**Input material:**
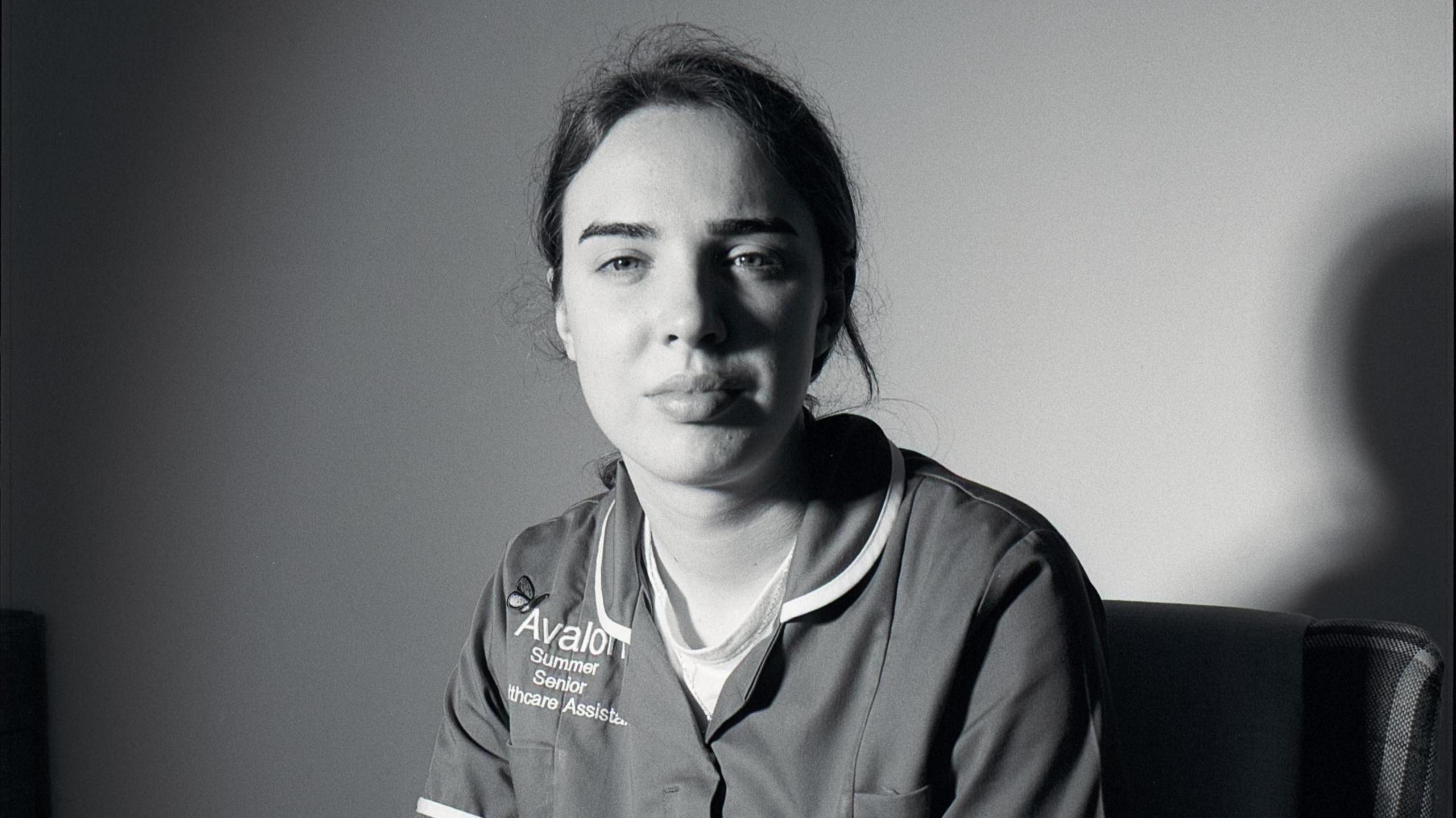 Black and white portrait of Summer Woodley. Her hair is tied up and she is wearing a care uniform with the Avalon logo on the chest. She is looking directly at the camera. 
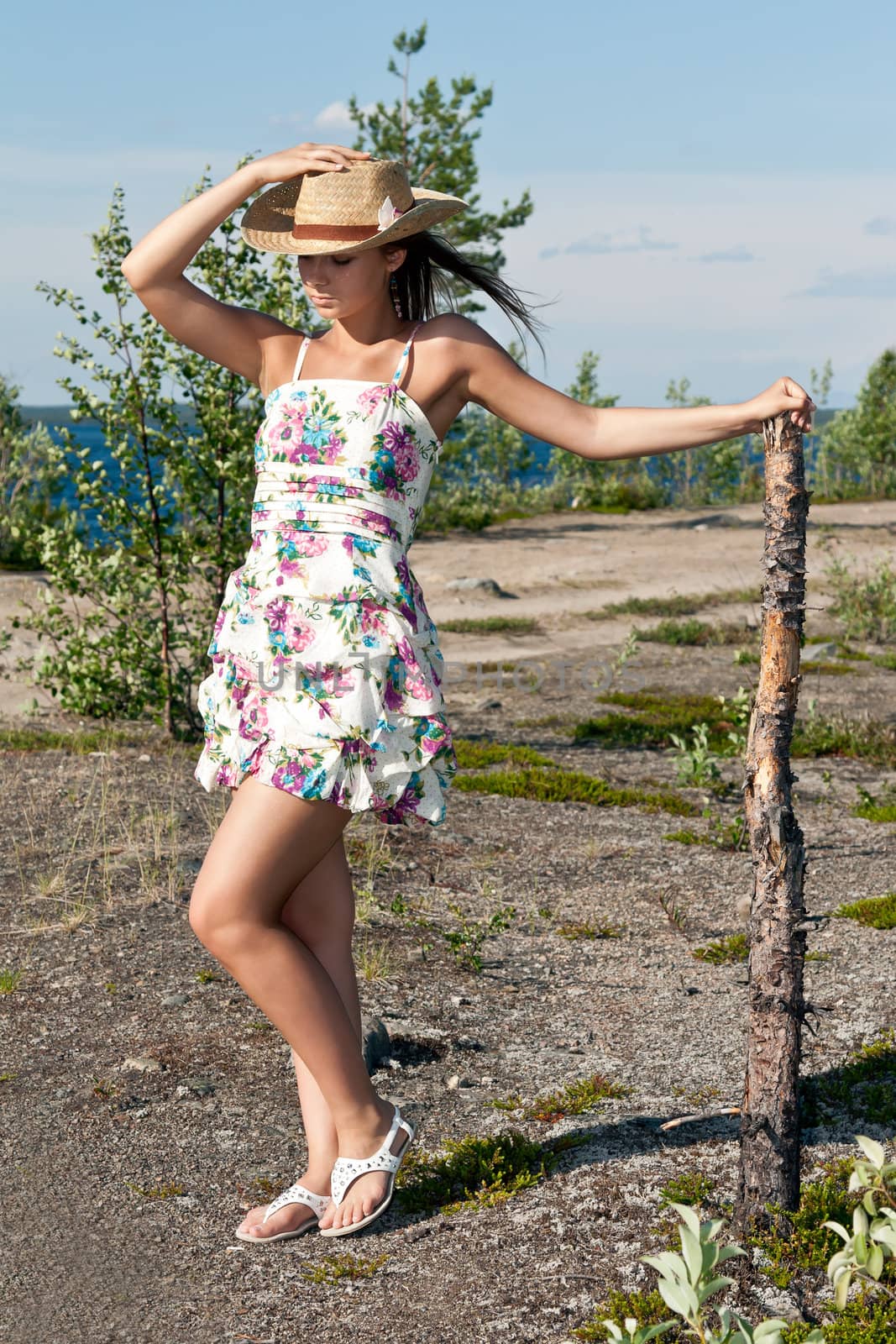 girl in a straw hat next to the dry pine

==

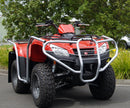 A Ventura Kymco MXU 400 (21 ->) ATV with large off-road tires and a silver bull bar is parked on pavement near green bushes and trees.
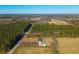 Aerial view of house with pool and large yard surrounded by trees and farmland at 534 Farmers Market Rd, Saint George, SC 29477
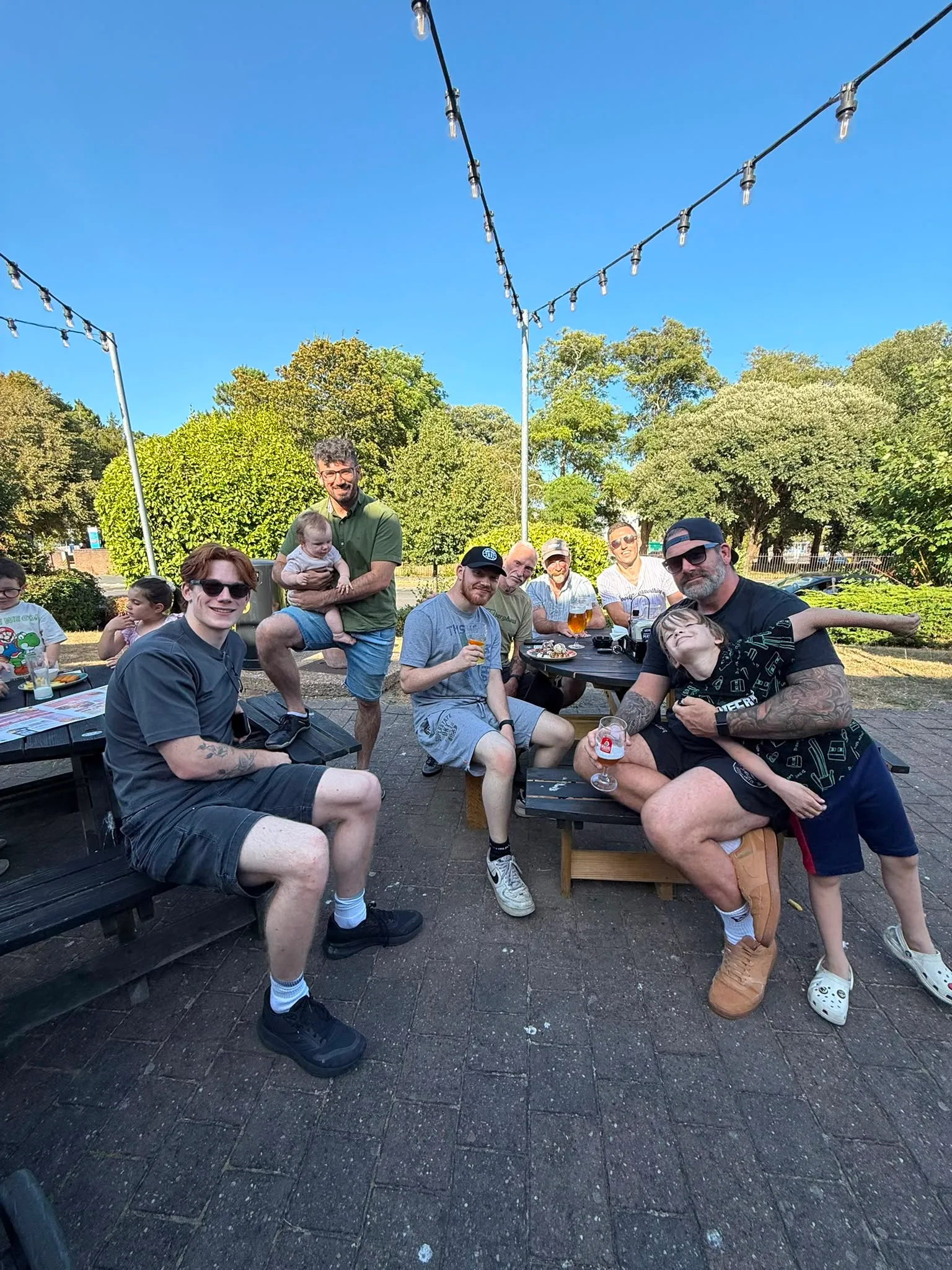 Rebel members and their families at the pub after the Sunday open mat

==

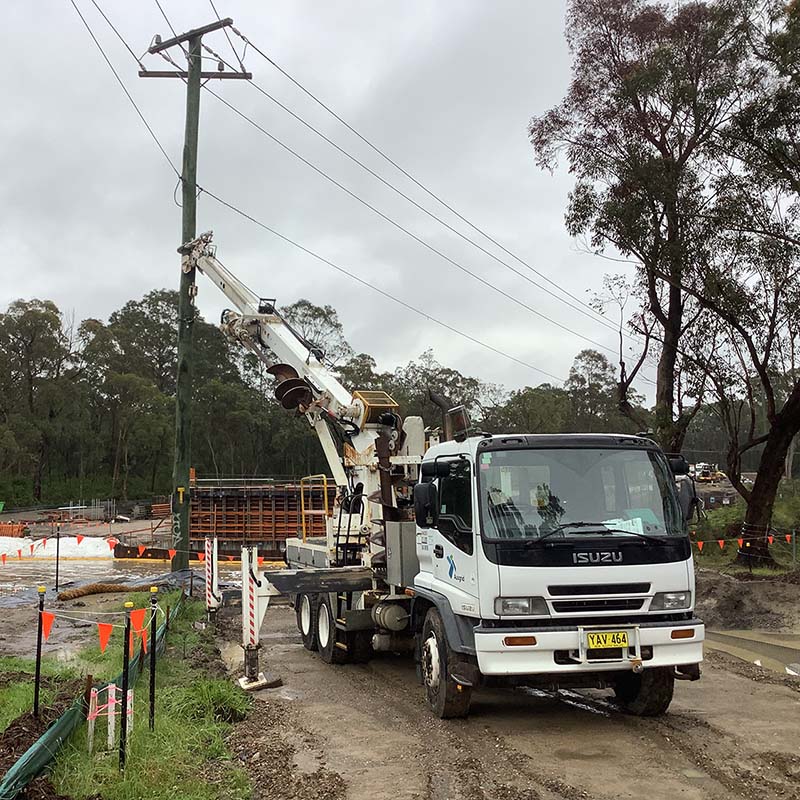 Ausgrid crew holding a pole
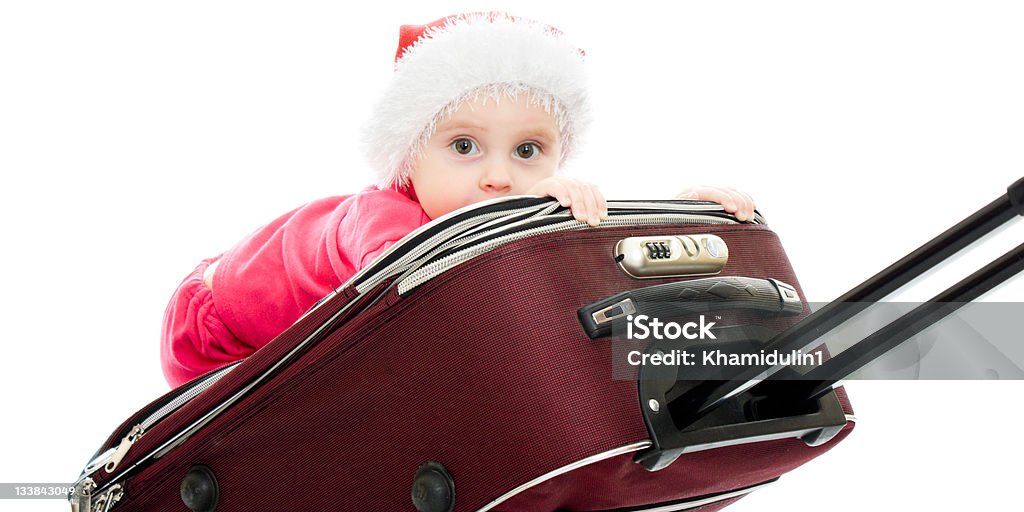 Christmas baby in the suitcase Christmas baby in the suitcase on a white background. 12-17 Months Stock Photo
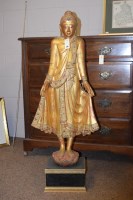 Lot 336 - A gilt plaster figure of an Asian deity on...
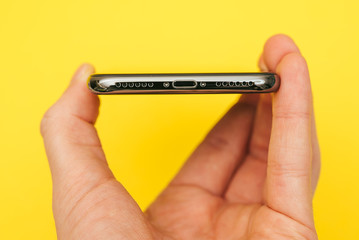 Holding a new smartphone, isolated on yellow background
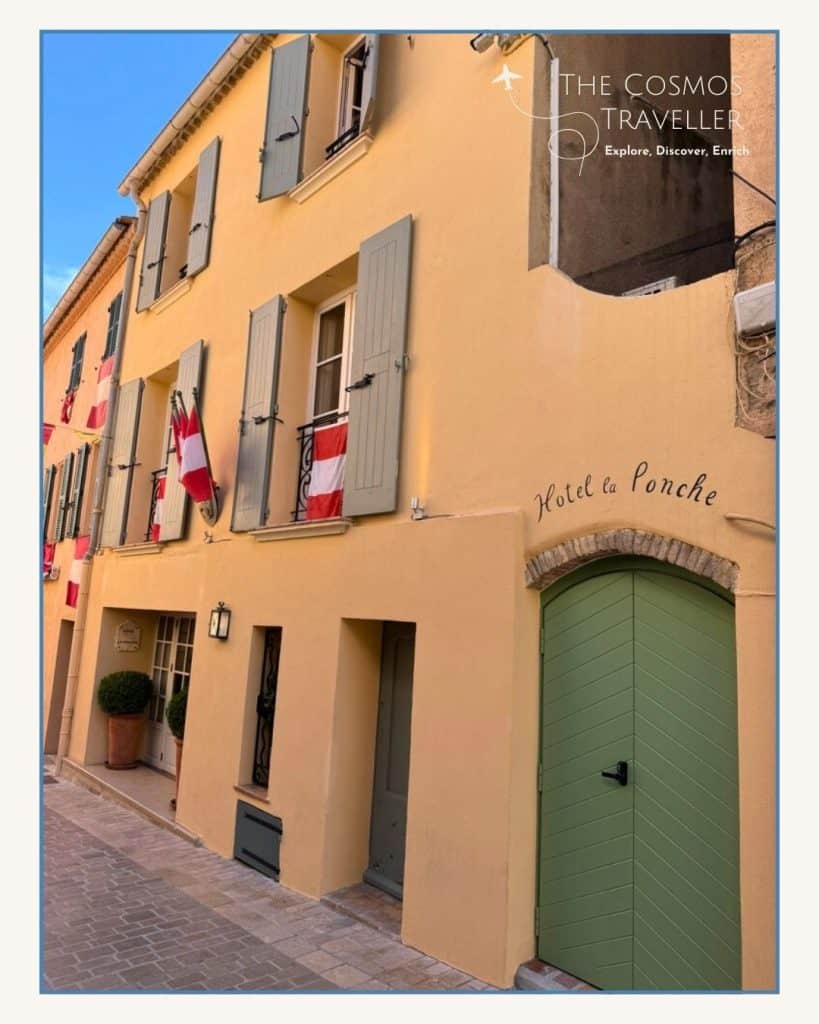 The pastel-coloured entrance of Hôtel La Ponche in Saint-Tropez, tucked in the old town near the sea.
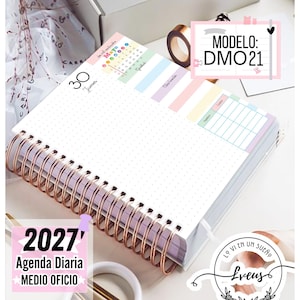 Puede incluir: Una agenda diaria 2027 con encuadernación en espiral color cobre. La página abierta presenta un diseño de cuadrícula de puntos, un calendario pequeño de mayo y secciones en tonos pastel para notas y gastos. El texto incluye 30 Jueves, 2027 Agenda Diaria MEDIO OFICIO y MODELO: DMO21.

**Instructions for the task:** Go back to the lines above and output, exactly as they stand, the ones from the line containing "The pastel-coloured entrance" to the line containing "Puede incluir: Una". Leave all pictures behind.

**Exercise response:**
 The pastel-coloured entrance of Hôtel La Ponche in Saint-Tropez, tucked in the old town near the sea.
 Puede incluir: Una agenda diaria 2027 con encuadernación en espiral color cobre. La página abierta presenta un diseño de cuadrícula de puntos, un calendario pequeño de mayo y secciones en tonos pastel para notas y gastos. El texto incluye 30 Jueves, 2027 Agenda Diaria MEDIO OFICIO y MODELO: DMO21.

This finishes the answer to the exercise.